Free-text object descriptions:
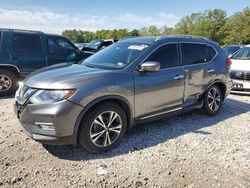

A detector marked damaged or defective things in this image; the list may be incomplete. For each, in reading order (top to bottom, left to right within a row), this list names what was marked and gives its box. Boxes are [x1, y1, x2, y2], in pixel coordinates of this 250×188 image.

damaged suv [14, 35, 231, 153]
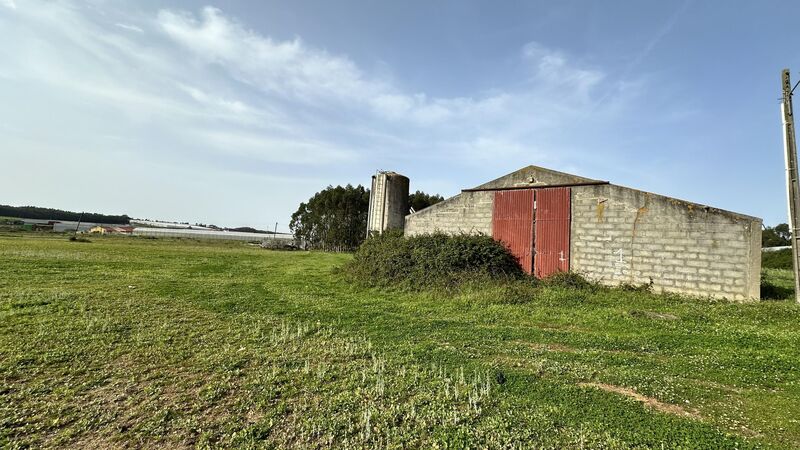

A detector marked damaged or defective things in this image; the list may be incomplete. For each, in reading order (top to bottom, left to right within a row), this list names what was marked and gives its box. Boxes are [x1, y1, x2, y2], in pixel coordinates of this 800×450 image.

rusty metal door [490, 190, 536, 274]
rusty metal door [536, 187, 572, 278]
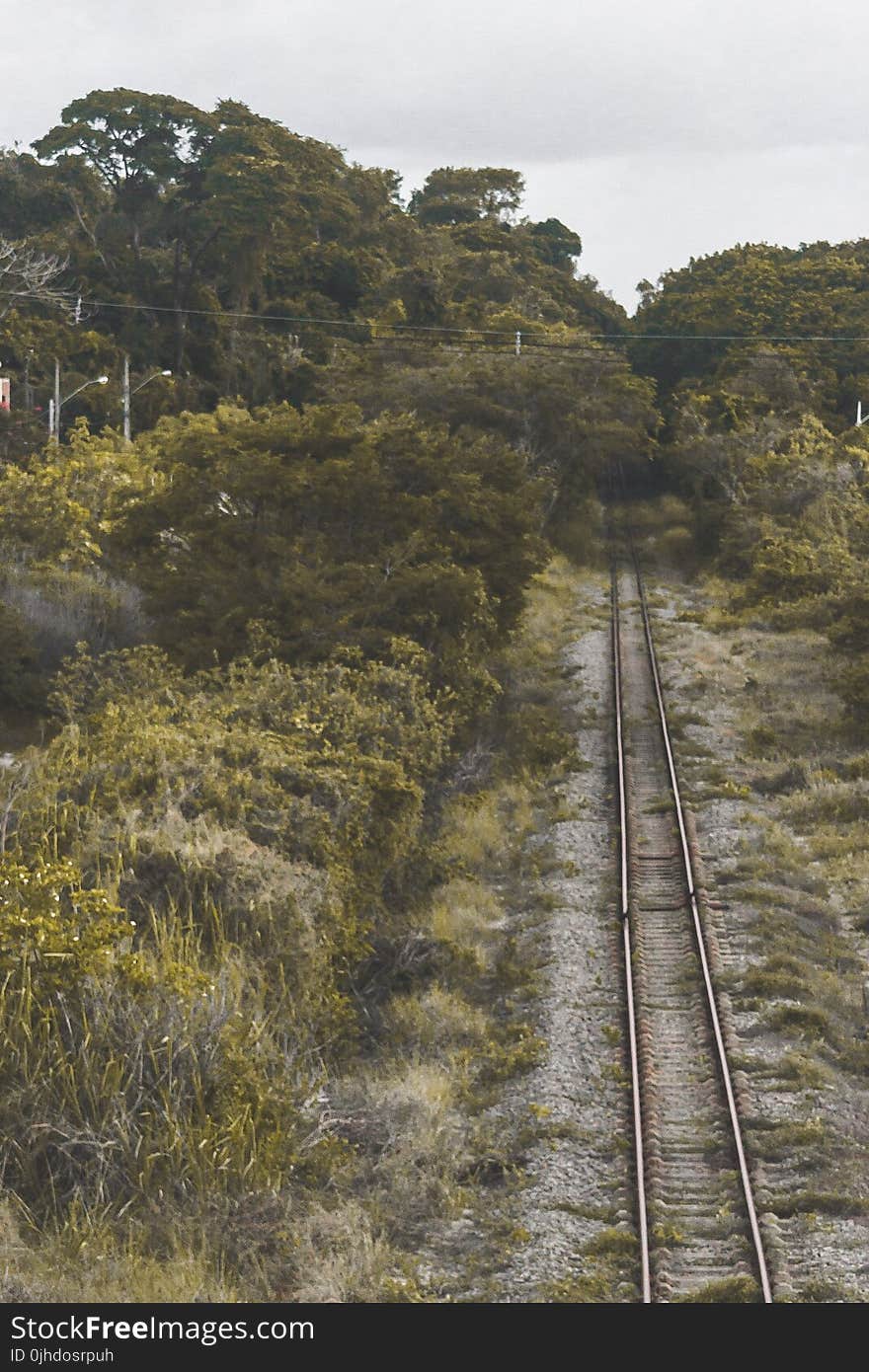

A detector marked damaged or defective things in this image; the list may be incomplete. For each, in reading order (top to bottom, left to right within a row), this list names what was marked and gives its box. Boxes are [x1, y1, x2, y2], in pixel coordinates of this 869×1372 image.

TASK.
Leaving the pictures aside, copy exactly and only the lines from the one holding "this 800×450 image." through the final line of the data, both ends kept.

RESPONSE AREA.
A detector marked damaged or defective things in this image; the list may be incomplete. For each, in reading order (top to bottom, left to right within a row), this list names what was marked and gives its box. Boxes are [x1, y1, x2, y2], in pixel coordinates of this 800×450 image.

rusty metal door [490, 190, 536, 274]
rusty metal door [536, 187, 572, 278]

A detector marked damaged or defective things in this image; the list may be incomplete. For each, in reading order (top to bottom, left to right within a row), this list names what was marked and gives its box. Boxes are [x1, y1, x2, y2], in pixel coordinates of this 869×1372 image.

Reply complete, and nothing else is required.